The business is made up of six consultants, with access to another 130 specialists across Dentsu’s US agencies for things like ecommerce search, creating product page content and Amazon voice skills, said Sellwin President Travis Johnson.

The consultancy model is new for Dentsu, Johnson said, even though the holding company had Amazon expertise across its agencies.

“What we didn’t have before was an umbrella pulling those skillsets into one offering,” he said.

Sellwin also adds retail capabilities that Dentsu agencies didn’t previously have, like warehousing and fulfillment strategy, pricing and retail negotiations about profit margin.

Amazon prefers vendors use a consultancy model, Johnson said. It means Amazon doesn’t need to match the boots on the ground other online platforms like Google and Facebook have for agencies and brands.

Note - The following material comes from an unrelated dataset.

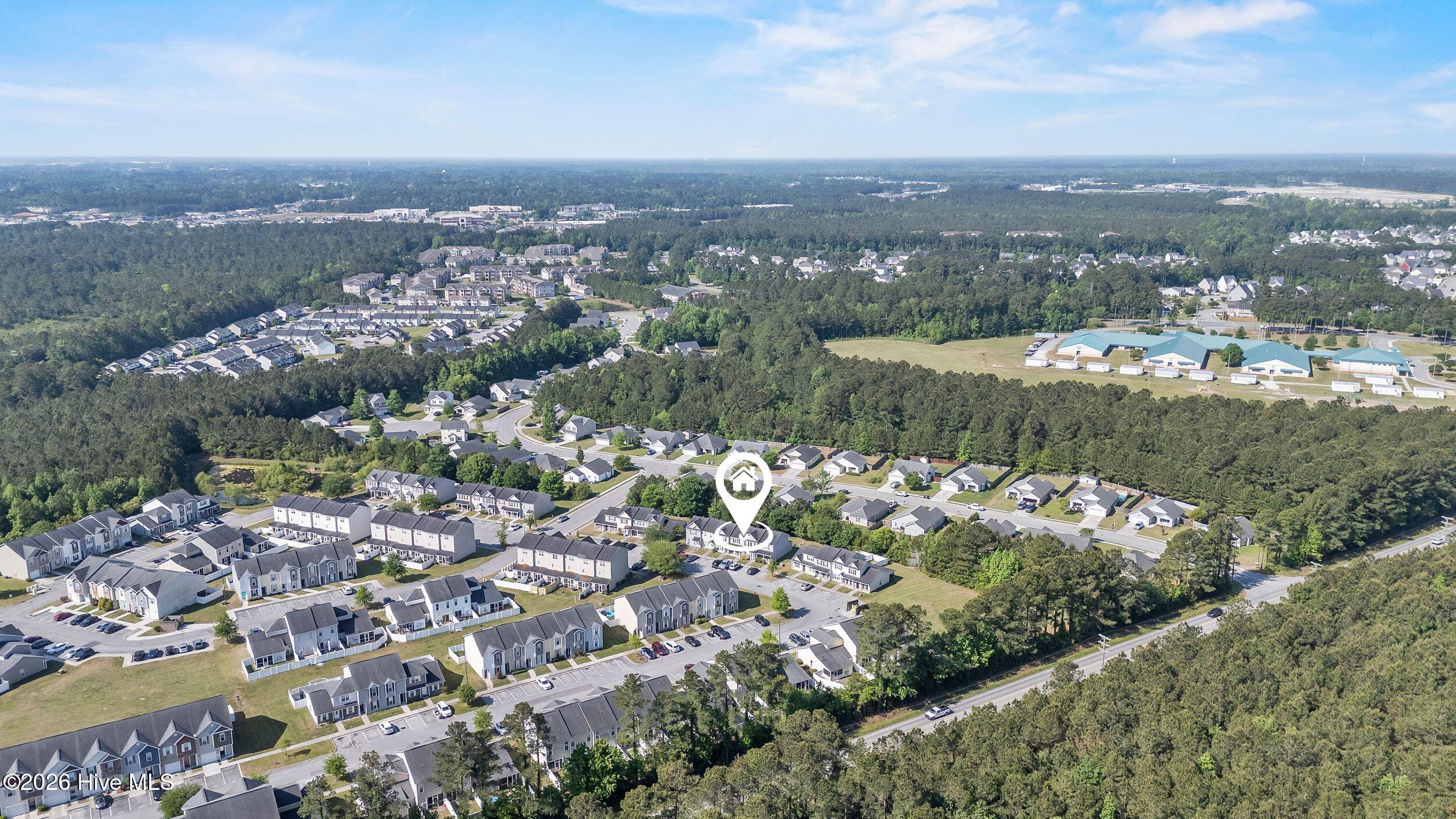 100570282 | Photo 30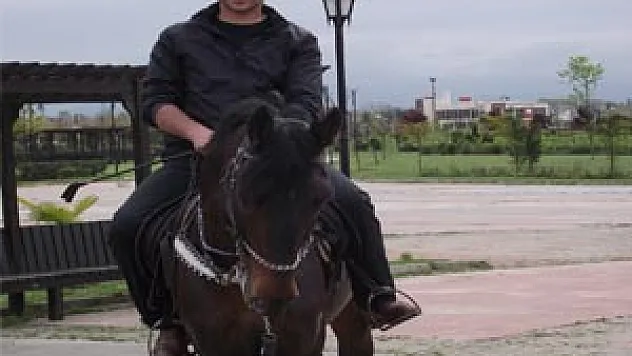  Atıyla Ada parkta gezintiye çıktı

Amazon and Sellwin’s clients also prefer a fixed-rate model instead of giving up a percentage of transactions, the preferred performance marketing and ecom tech model, because it means they keep more if Amazon sales take off.

Brands also work with many teams within Amazon that don’t necessarily communicate, or may outright compete against each other, like a retail promotions team or the Alexa voice group bidding against a brand’s search terms. By consolidating dealings with Amazon into one unit, Johnson said that brands have more leverage in negotiations and can more effectively coordinate efforts across the platform.

Sellwin has 12 clients right now, all preexisting Dentsu brands, including beauty and product companies ramping up Amazon sales. Others, like automotive and financial services clients, don’t have consumer ecommerce practices but still want to use Amazon data for online targeting and work with Amazon on sponsorships or brand integrations like they do with TV networks.

The consultancy’s laser focus on Amazon will eventually broaden to ecommerce marketplaces like eBay, Alibaba, Walmart and Target, where transaction data can be connected to product sales, Johnson said. But Amazon is unlike other US ecommerce and retail players, none of which have media and entertainment channels, music streaming, major search market share, OTT devices or Alexa-enabled hardware.

“Amazon is the biggest challenge and biggest opportunity for many brands right now, so we want to remain focused on that,” Johnson said.